A credit card counselor is generally a person who advertises debt relief services to individuals in debt. Debt counselors may offer general debt services or they may specialize in one area of debt, such as credit cards, mortgages, vehicle / vessel debt, etc. Before the financial crisis hit the U.S., credit card counselors received a large portion of their income from the creditors themselves under a program referred to as “Fair Share”. Under this program a credit card counselor stood to make a percentage of the recovered amount from the lender, essentially performing the work of freelance collection agents. Once the economy nose dived, many lenders pulled back on the amount of money they were willing to give to counselors, forcing many counselors to charge higher and higher fees to their clients.
Credit card counselors are regular people trying to run a business, so it makes sense that many credit card counselors would look for alternative sources of income when lenders began offering less money under Fair Share, but like many debt relief services, many credit card counselors don’t offer anything above what a person can do for themselves.
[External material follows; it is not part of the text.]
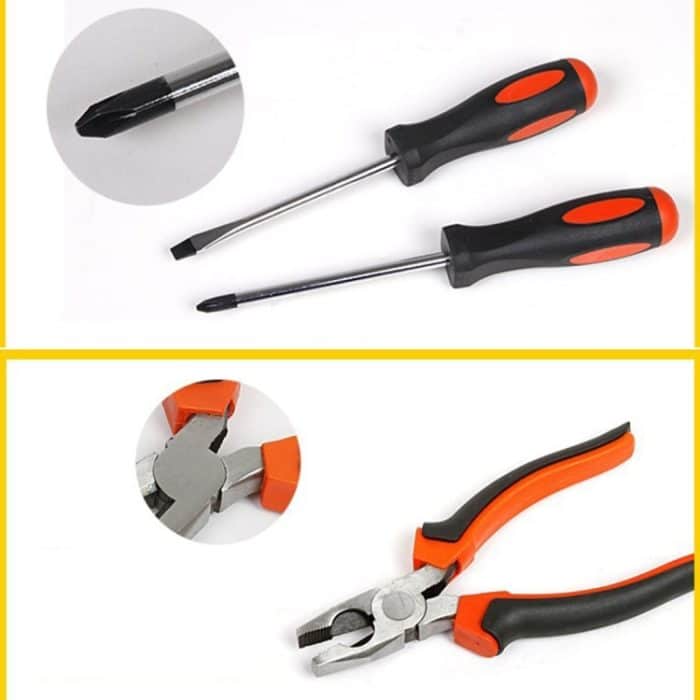 9 in 1 Werkzeugsatz Allgemeiner Haushaltshandwerkzeugsatz mit Werkzeugkasten-Aufbewahrungskoffer – Bild 4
When a person hires a credit card counselor, they authorize the counselor to negotiate a debt settlement agreement with credit card companies on their behalf. One aspect of the credit counseling industry that draws much criticism is the fact that the true efforts of credit card counselors are never actually disclosed. Many of these so called “negotiators” do little to save their clients as much money as possible. It is far easier for the “negotiator” to call the credit card company, ask what amount they want to settle for, use the client’s money to pay the amount or establish a payment plan, take a portion of the savings, and pass the remainder on to the client. For many clients this seems like a blessing, but the fact of the matter is that a person who pays for a credit card counselor never really knows how hard the counselor will try to save them money.
A good credit card counselor should be relentless, knowledgeable of credit laws, strong willed, persistent and honest. Finding a counselor with all of these traits can be difficult. Finding any person with all of these traits can be difficult. After the financial collapse a number of average Joes with little to no financial experience began calling themselves “credit card counselors” and acting as nothing more than middle-men for borrowers and lenders. Even though the credit card counseling industry is full of people who are less than ethical, there are plenty of very hard working and very honest credit card counselors who enjoy saving people money. Unfortunately, these counselors seem to be in the minority. If one doesn’t feel comfortable negotiating with credit card companies themselves, an experienced and licensed attorney should be hired to handle all matters of debt, negotiations, and dealing with lenders. Attorneys know the law and, more importantly, know how to apply the law in the best interest of their client.
If one does not want to hire an attorney for some reason and would prefer to hire a credit card counselor, be sure to do some homework on the counselor before signing any documents. Look for counselors who are members of professional trade organizations that hold members to high standards. Ask for a list of references and don’t be afraid to call those references. Conduct an Internet search for any former client comments relating to the counselor in question. Make sure that the counselor has received all licenses and certifications required to do business as a credit card counselor in their state. Lastly, check with the Better Business Bureau at www.BBB.org for any complaints or accusations of fraud against a specific counselor or their agency.